On Wednesday, the U.S. Army Corps of Engineers reported a leak at the 17th Street Canal levee. The levee broke during Katrina, flooding thousands of homes in the adjacent Lakeview neighborhood.

On the Senate floor Thursday, U.S. Sen. Mary Landrieu, D-La., pointed to the report while urging colleagues to pass the emergency levee funding.

“We are in a mad dash to get these levees and this infrastructure rebuilt strongly, correctly and safely,” Landrieu said.

The latest report was yet another frustration in the effort to recover from Katrina, Landrieu said off the floor.

“It’s extremely disturbing,” Landrieu said. “I don’t want to jump to any conclusions, but reports like this continue to bolster my argument for radical reforms within the U.S. Army Corps of Engineers.”

The levee money in the war supplemental bill — which still needs approval in the House — is an advance for levee money that already is in President Bush’s 2009 budget.

Corps officials said the money is needed more quickly if they’re going to meet the deadline of shoring up all levees by 2011. President Bush has threatened to veto the war spending bill if it has domestic spending in it.

U.S. Sen.
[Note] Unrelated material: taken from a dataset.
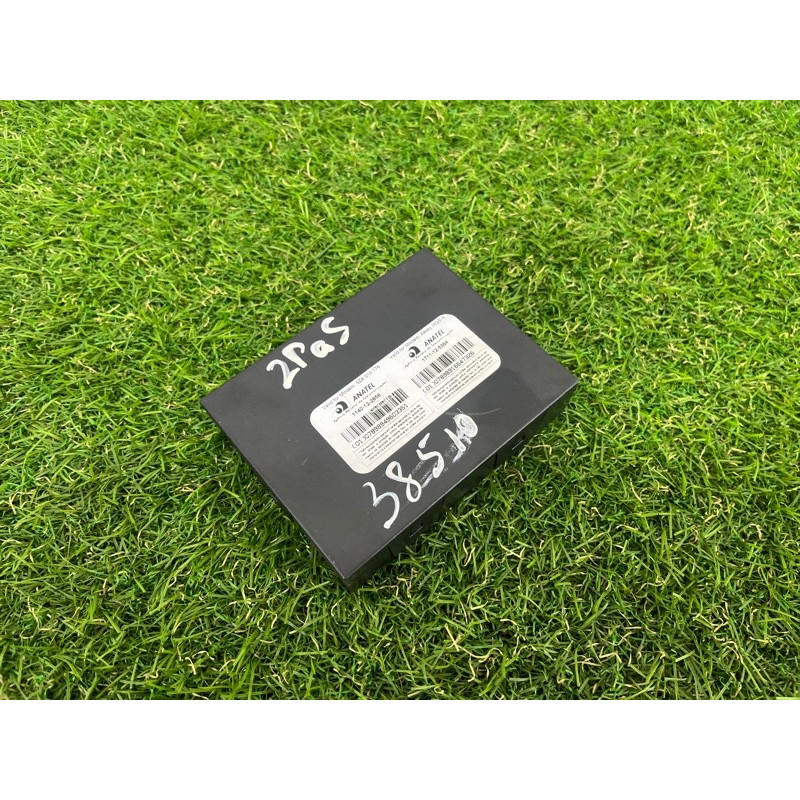 Блок бесключевого доступа (электрика / блок управления) Volkswagen Passat B7 2014 1.8 5k0959434b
David Vitter, R-La., encouraged colleagues to vote for it, noting that Bush already has approved spending the money.

“It’s absolutely essential to deliver the help that the president committed, that the nation has committed to our continuing recovery in Louisiana,” Vitter said on the Senate floor.

“This is hardly some Christmas tree that we’re putting ornaments on,” Vitter added. “About 95 percent of this recovery package are things that the president himself has explicitly requested.

In addition to the levee money, the Senate bill contains $76 million to provide 3,000 permanent housing vouchers in Louisiana, where two of every three will go to New Orleans.